General and Administrative Expense.General and administrative expense decreased 25% to $31.5 million for the nine months ended September 30, 2009, as compared to $42.1 million for the comparable prior year period. The decrease in general and administrative expenses is attributed to reduced staffing as a result of reductions in force during the first half of 2009 resulting in lower cash compensation expense and a decrease in non-cash stock compensation expense from lower executive performance share costs, and also from forfeitures and modifications of salaries related to the reductions in force which affected approximately fifty percent of personnel.

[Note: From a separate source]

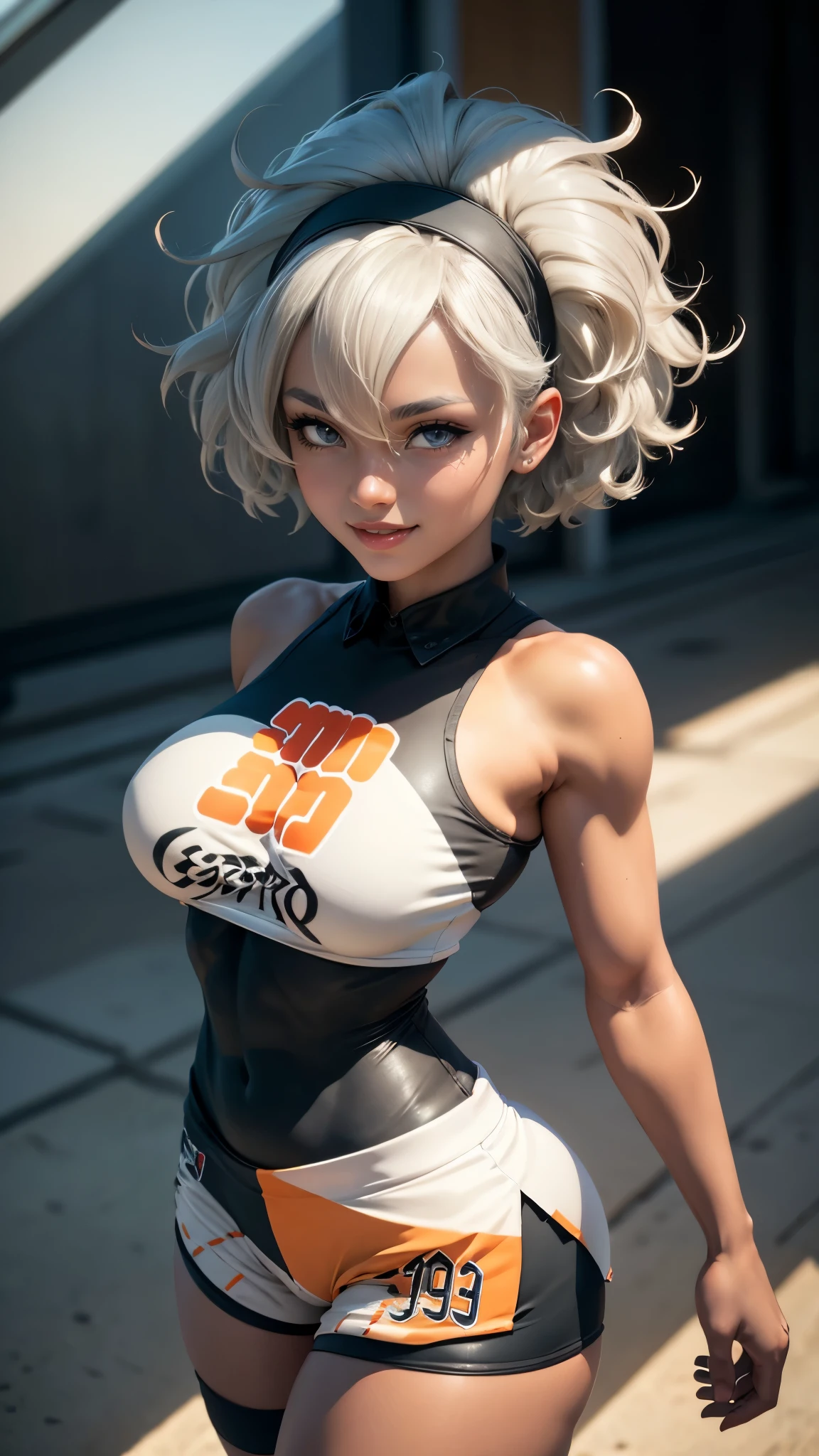 Bea da pokemon,(best qualityer,4K,8k,high resolution,work of art:1.2)(weather: windy), beach volleyball stadium, short curly hair, gray hair, cropped shirt, micro shorts, thigh high stockings, headband, gloves, leotard, ultra detailed,realistic,beautiful detailed gray eyes, beautiful detailed lips,extremely detailed eye and face, long eyelashes,average,large breasts,flying hair,beaming smile, cute smile,powerful girl, relaxed pose, bright coloured, dramatic lighting, sweating,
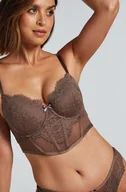 Biustonosze - Hunkemöller Usztywniany biustonosz typu push-up z fiszbinami o wydłużonym fasonie Arabella Brązowy - miniaturka - grafika 1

ADDITIONAL FINANCIAL INFORMATION
The following table summarizes the Company’s open derivative contracts at September 30, 2009, required pursuant to the Company’s credit agreement:
Commodity | Volume | Fixed Price | Term | Index Price | ||||||||||||||||||||
Crude oil | 1,000 | Bbls / Day | $ | 52.25 | Oct ’09 | - Dec ’09 | NYMEX – WTI | |||||||||||||||||
Crude oil | 1,000 | Bbls / Day | $ | 52.25 | Jan ’10 | - Dec ’10 | NYMEX – WTI | |||||||||||||||||
Crude oil | 500 | Bbls / Day | $ | 57.70 | Jan ’11 | - Dec ’11 | NYMEX – WTI | |||||||||||||||||
Natural gas | 4,000 | MMBtu / Day | $ | 5.720 | Oct ’09 | - Dec ’09 | NYMEX – HHUB | |||||||||||||||||
Natural gas | 6,000 | MMBtu / Day | $ | 5.720 | Jan ’10 | - Dec ’10 | NYMEX – HHUB | |||||||||||||||||
Natural gas | 10,000 | MMBtu / Day | $ | 4.105 | Oct ’09 | - Dec ’09 | CIG | |||||||||||||||||
Natural gas | 15,000 | MMBtu / Day | $ | 4.105 | Jan ’10 | - Dec ’10 | CIG | |||||||||||||||||
Natural gas | 4,373 | MMBtu / Day | $ | 3.973 | Oct ’09 | - Dec ’09 | CIG | |||||||||||||||||
Natural gas | 5,367 | MMBtu / Day | $ | 3.973 | Jan ’10 | - Dec ’10 | CIG | |||||||||||||||||
Natural gas | 12,000 | MMBtu / Day | $ | 5.150 | Jan ’11 | - Dec ’11 | CIG | |||||||||||||||||
Natural gas | 3,253 | MMBtu / Day | $ | 5.040 | Jan ’11 | - Dec ’11 | CIG |
The net fair value of the Company’s derivative instruments recorded in the financial statement was a liability of approximately $27.0 million at September 30, 2009.
OPERATIONS UPDATE
Columbia River Basin, WA, 50% WI — As previously announced, Delta’s plans for additional drilling activity originally scheduled for later this year and in 2010 in the vicinity of the Gray well in the southern portion of the Columbia River Basin have been suspended. Delta currently has approximately 424,000 net acres, and will reassess its drilling plans based upon future geophysical acquisition and interpretation.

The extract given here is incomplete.